If we could just get a nice stretch of weather at some point, they will really be tearing up the place and enjoying the days.  Nothing better than sitting with the girls on the rock pile, watching the action in the sun.  And in the meantime I will ponder whether Saffron should ever be bred again.  And so it goes on the farm.

Saffron’s day

Saffron and one of her girls

And so our last but not least girl, our herd queen Saffron, had her kids Thursday morning around 8 a.m.  It was a warm day, cloudy and a little breezy, but really pretty perfect all around!

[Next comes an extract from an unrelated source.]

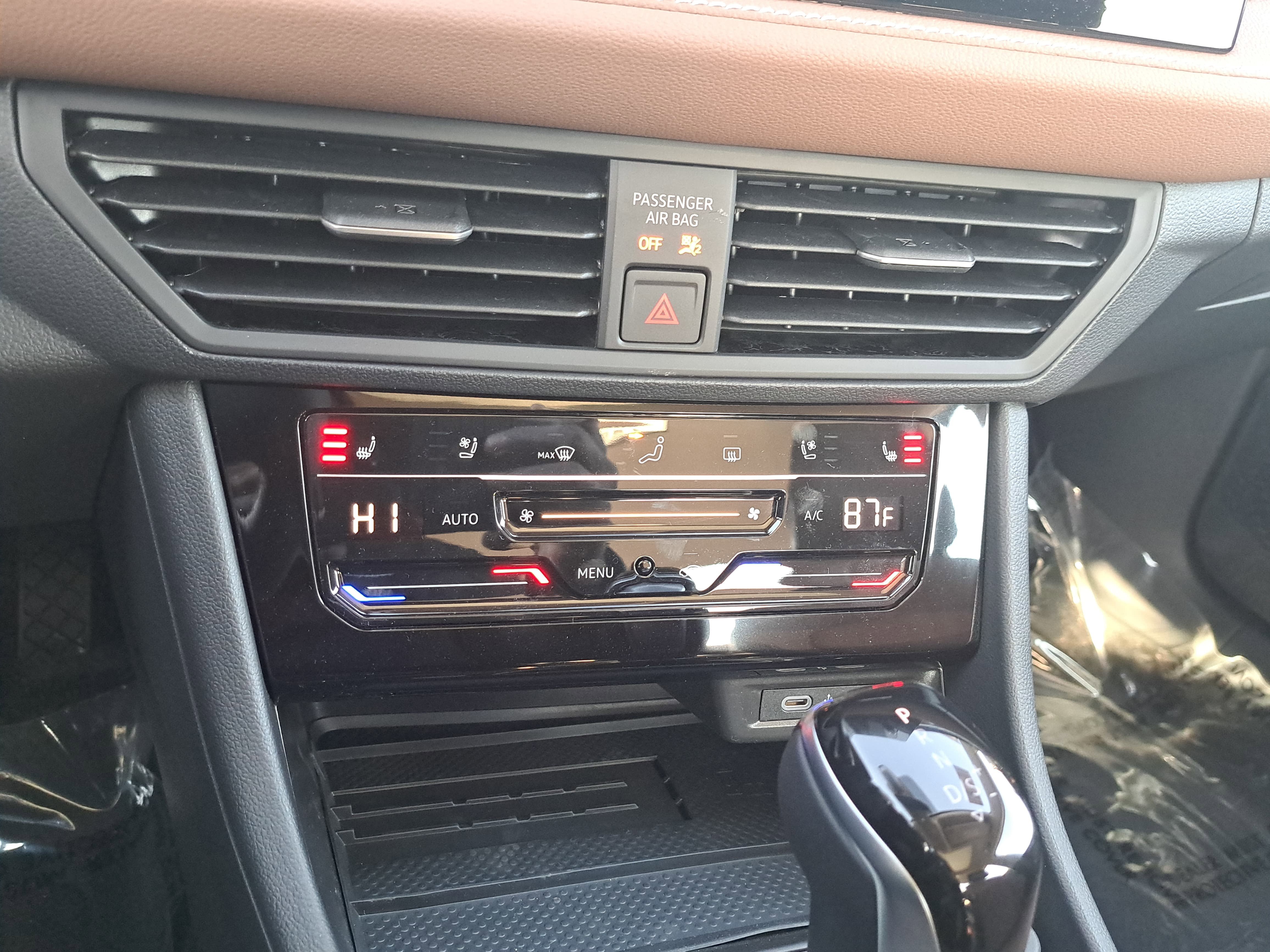 New 2026 Volkswagen Jetta SEL FWD image 20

Wednesday night as I was doing my midnight rounds, I found Saffron up in the paddock whining and crying, very softly.  I was a little alarmed, and couldn’t tell if she was talking to her babies and encouraging them to make an entrance already, or if she was upset at being alone up there!  The two other moms were in their jugs with their babies, and Peanut unfortunately doesn’t count as a real goat with the rest of the crowd, so for all intents and purposes, Saffron found herself on her own.  It was quite unusual, watching her walking slowly around the paddock under that bright moonlit sky.  She definitely had no signs of active labor, so I went in and got into bed but didn’t turn the light out so I would get up in another hour or two and check on her again.  Same thing going on at 2 a.m. as well!

Saffron’s girls

John checked on them around 4 and 6 a.m., so I headed up to chores about 7:30 on Thursday morning.  It was already comfortably warm, and Saffron was still doing the same thing.  Talking, crying and walking around!  She didn’t show any signs of wanting breakfast, though, so I knew she must be getting close.  And sure enough, while I sat in the greenhouse with the babies and moms, I was able to watch her on the little hill, pop that first doeling out.  She made quick work of getting that little girl dried off, and nursing, then her second doeling made her entrance a little under a half hour later.  I left them where they were for as long as I could, but the breeze was a little stiff and I didn’t want those babies to get chilled.  As I was carrying the doelings slowly toward the greenhouse, Saffron was frantically licking them both, and ended up washing my arms into the bargain!  She is such a good mama.

Bellies are full, time to nap!

And so our kidding year is closed now.  I am very grateful, and getting more sleep is a very good thing.  I am still sitting up around midnight wondering why I am awake, though!